*** Source records ***

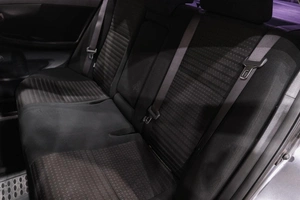 Седан Toyota Corolla 2008 года, 829000 рублей, Новокузнецк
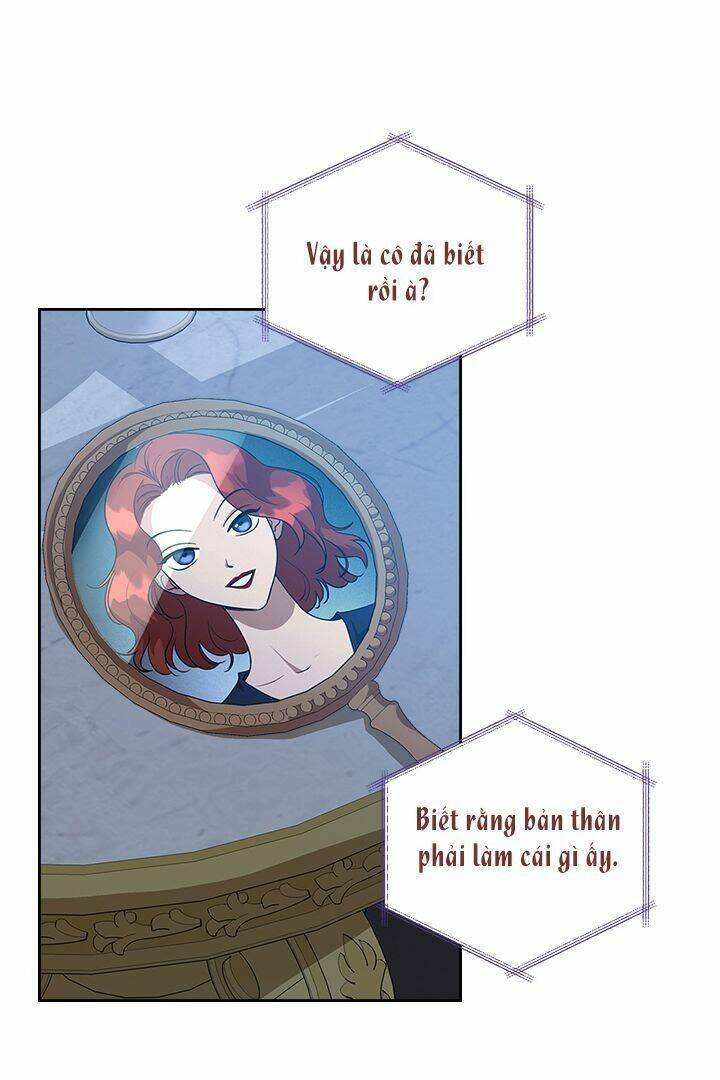 Giết Chết Ác Nữ Phản Diện Chapter 20 - Trang 2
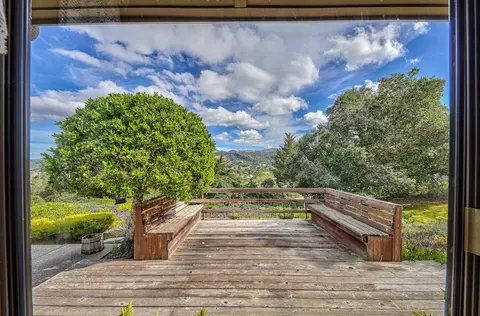 Exterior - 88 Corral De Tierra Ter, Salinas, CA 93908 photo 9 of 15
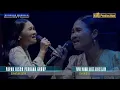 SAKSI BANYU MATA SUSY ARZETTY TETEMBANGAN BERSAMA SUSY ARZETTY SELAMA RAMADHAN EPS 5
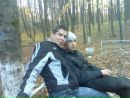 Міша Бабiй фотография #14 (источник - https://vk.com/id133553771)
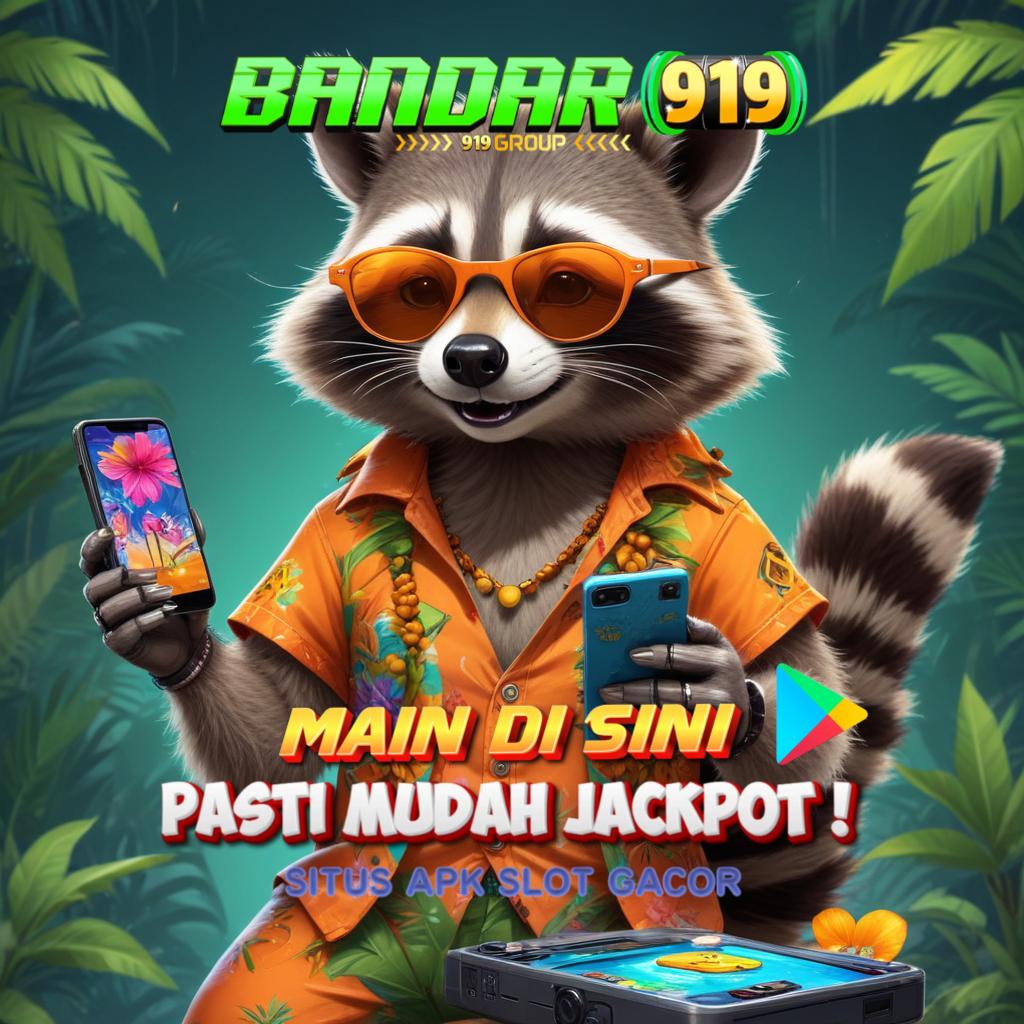 AN777 LINK ALTERNATIF Menangkan Jackpot Lebih Sering | Modal Receh Bisa Maxwin!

***

Description of the task:
Print, exactly and only, the lines running from the line with "SAKSI BANYU MATA" through the last line of the data, including both. Skip any picture.

Task solution:
 SAKSI BANYU MATA SUSY ARZETTY TETEMBANGAN BERSAMA SUSY ARZETTY SELAMA RAMADHAN EPS 5
 Міша Бабiй фотография #14 (источник - https://vk.com/id133553771)
 AN777 LINK ALTERNATIF Menangkan Jackpot Lebih Sering | Modal Receh Bisa Maxwin!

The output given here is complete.